§ **Instructions for the task**:
Leave the pictures aside and give back every entry below word for word.

---------- The data ----------

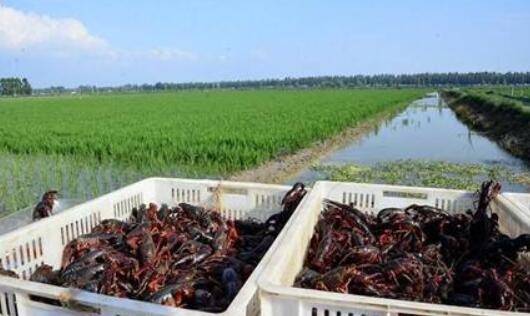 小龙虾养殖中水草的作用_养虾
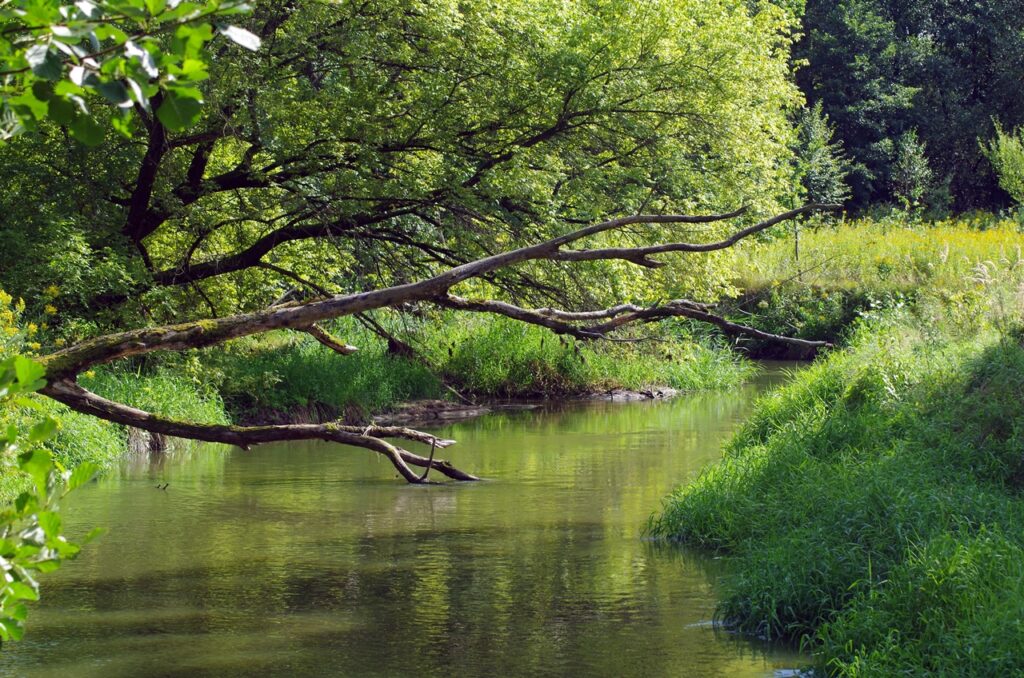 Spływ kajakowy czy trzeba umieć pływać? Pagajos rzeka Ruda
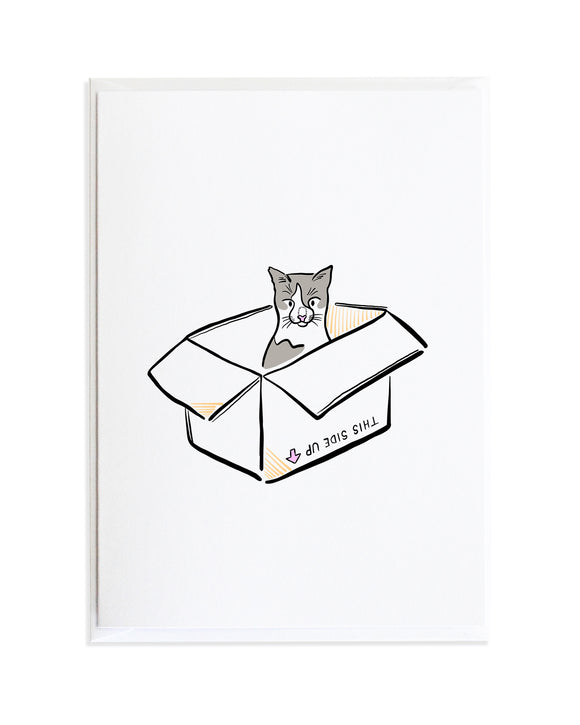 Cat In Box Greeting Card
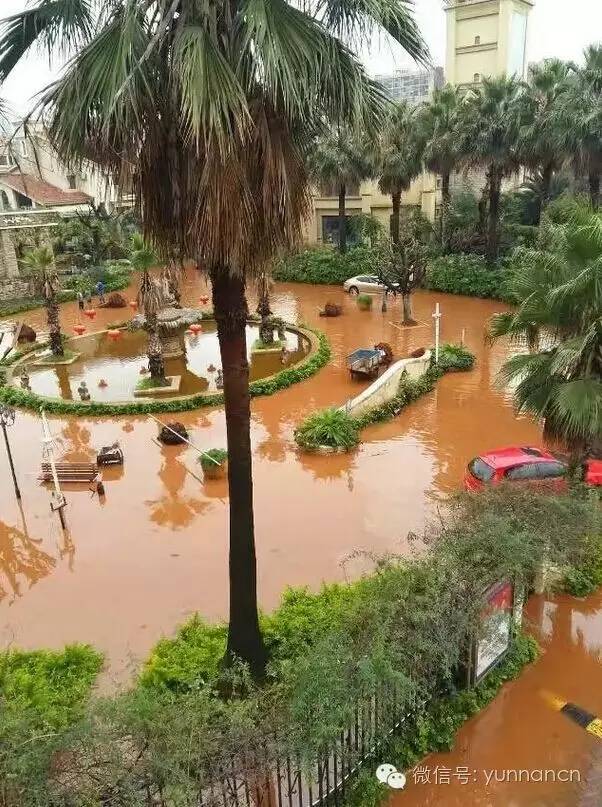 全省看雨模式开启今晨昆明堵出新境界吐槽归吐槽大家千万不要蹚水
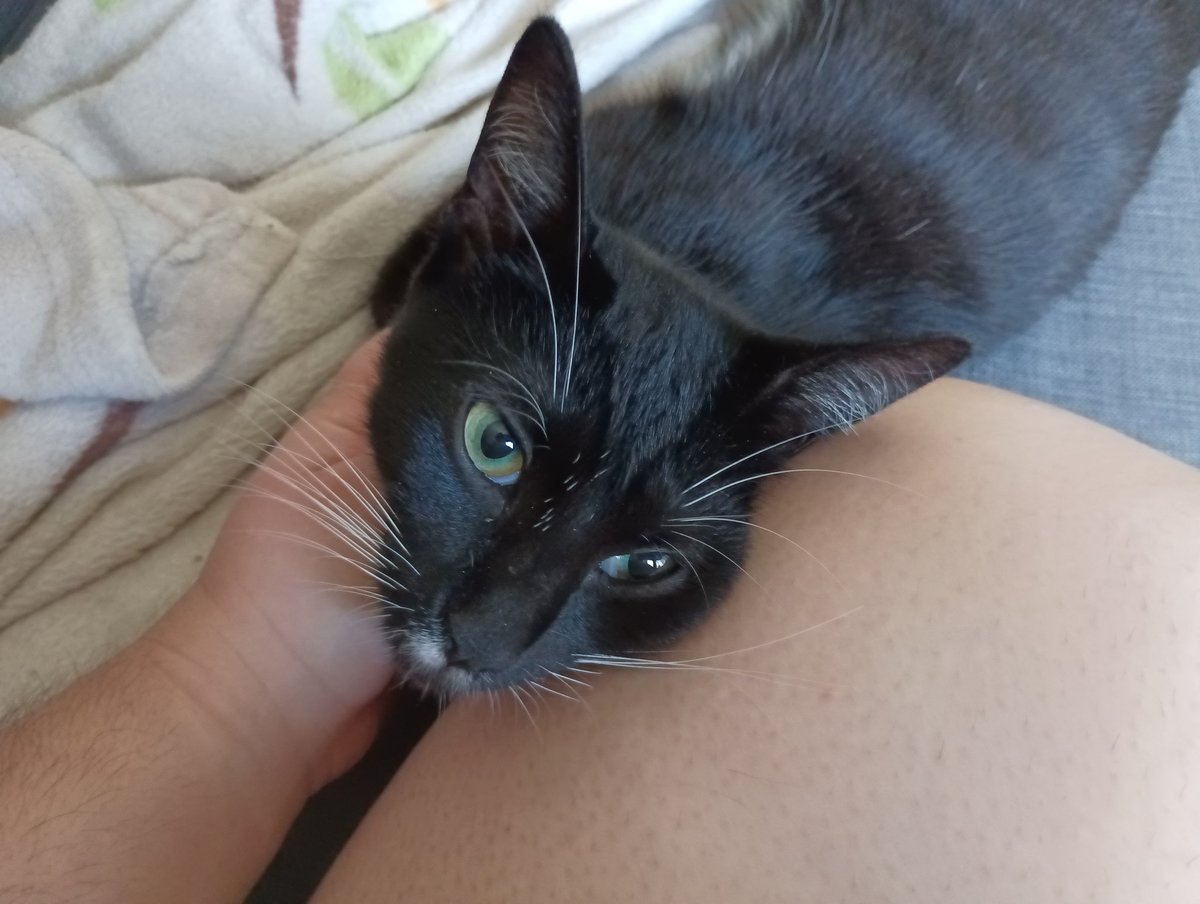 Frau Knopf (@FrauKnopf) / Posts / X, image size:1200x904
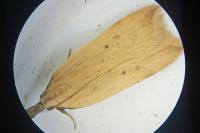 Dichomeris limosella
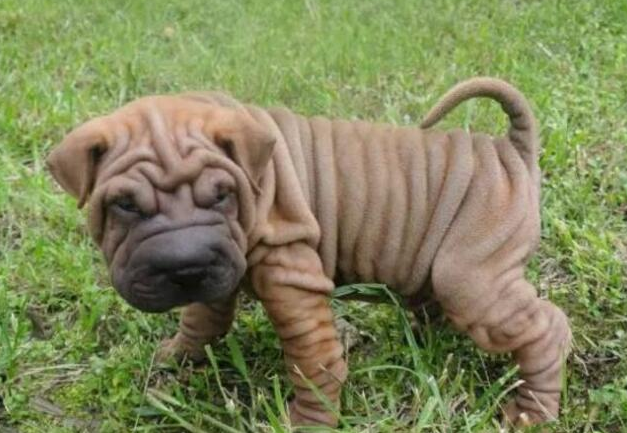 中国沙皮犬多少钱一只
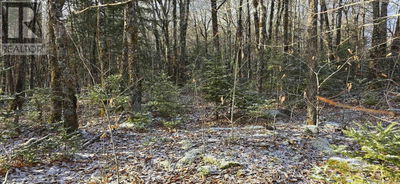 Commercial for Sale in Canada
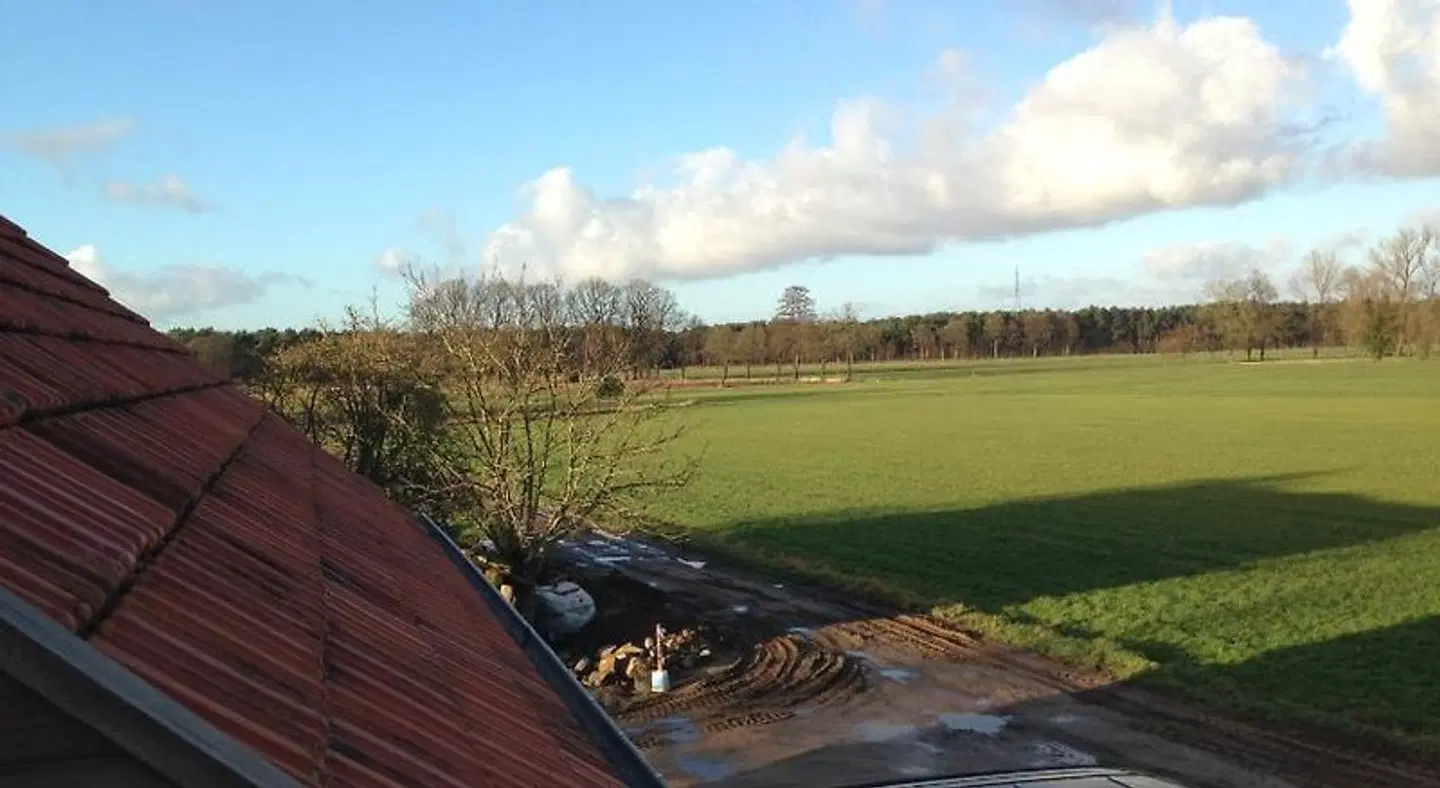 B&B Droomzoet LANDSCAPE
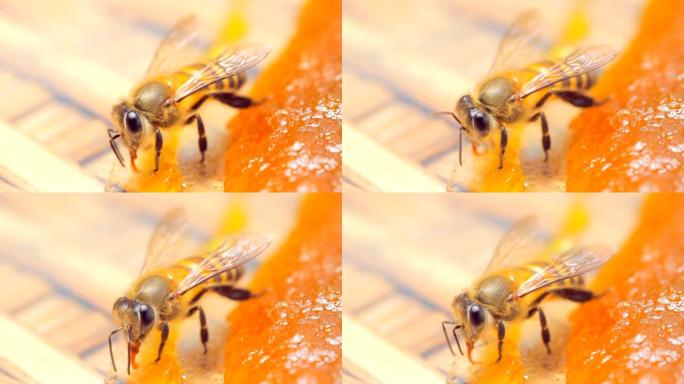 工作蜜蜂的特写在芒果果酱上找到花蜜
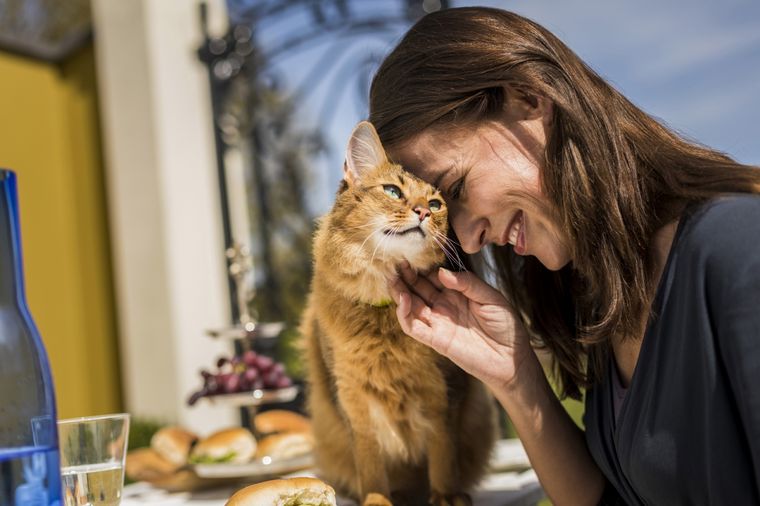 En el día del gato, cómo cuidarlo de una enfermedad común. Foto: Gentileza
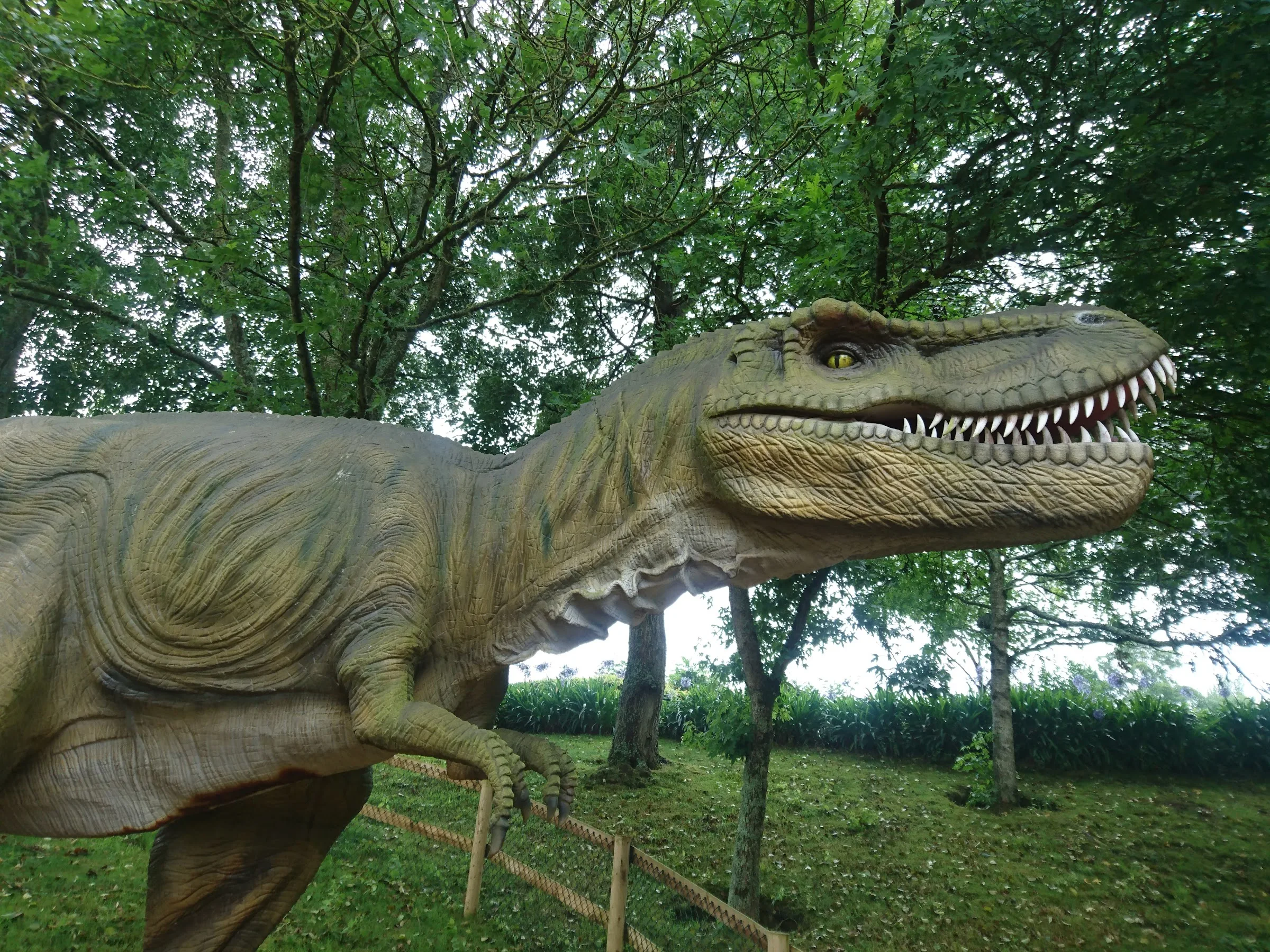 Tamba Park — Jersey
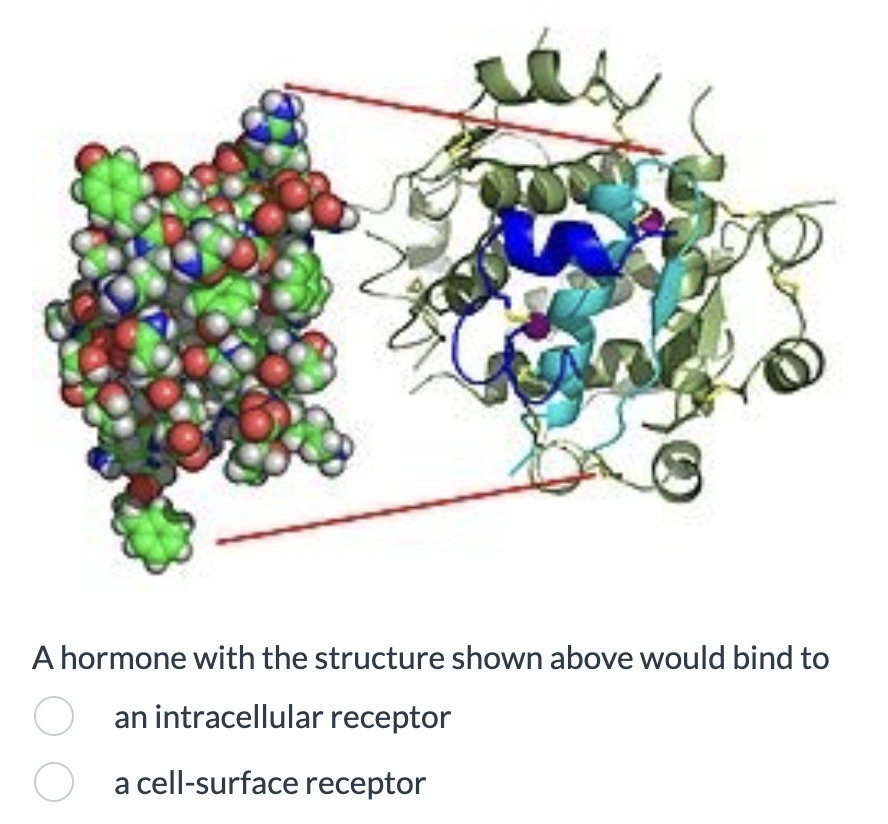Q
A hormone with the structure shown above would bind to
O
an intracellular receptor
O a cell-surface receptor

----------

§ **Task answer**:
 小龙虾养殖中水草的作用_养虾
 Spływ kajakowy czy trzeba umieć pływać? Pagajos rzeka Ruda
 Cat In Box Greeting Card
 全省看雨模式开启今晨昆明堵出新境界吐槽归吐槽大家千万不要蹚水
 Frau Knopf (@FrauKnopf) / Posts / X, image size:1200x904
 Dichomeris limosella
 中国沙皮犬多少钱一只
 Commercial for Sale in Canada
 B&B Droomzoet LANDSCAPE
 工作蜜蜂的特写在芒果果酱上找到花蜜
 En el día del gato, cómo cuidarlo de una enfermedad común. Foto: Gentileza
 Tamba Park — Jersey
Q
A hormone with the structure shown above would bind to
O
an intracellular receptor
O a cell-surface receptor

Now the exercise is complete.